= Jennie van Ackeren Dieterle =

American botanist (1909–1999)

Jennie van Ackeren Dieterle (August 2, 1909 – April 15, 1999) was an American botanist, plant collector, curator, university teacher and taxonomist. She collected more than 3,700 plant specimens and identified over 570 of them, the majority from the Cucurbitaceae family. Most of the plants collected came from Mexico and the United States. She identified and named nine previously undescribed species of Cucurbitaceae. She has been recognised for her expertise in this family of plants and had an entire genus of Cucurbitaceae from Mexico named after her, known as Dieterlea.

== Career ==
Van Ackeren Dieterle worked at the University of Michigan.
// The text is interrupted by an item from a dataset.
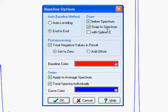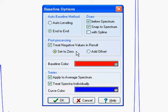Below Spectrum and Snap to Spectrum, both selected, will result in these additional points being picked. The other options offer different ways to treat the data and how to contend with a series of spectra. We'll leave the options unchanged and cancel the menu.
Her contributions to the Herbarium collection include an extensive number of plant specimens from 1931 to 1979.

== Selected publications ==

- Dieterle, J. V. A. (1960). Sandbags as a Technical Aid in Mounting Plants. Rhodora, 62(743), 322–324.
- Dieterle, J. V. A. (1975). Parasicyos maculatus, a new genus and species of Cucurbitaceae from Guatemala. Phytologia. 32:289-290.
- Dieterle, J. V. A. (1980). Two new Cucurbitaceae from Mexico. Contributions From the University of Michigan Herbarium. 14:69-73.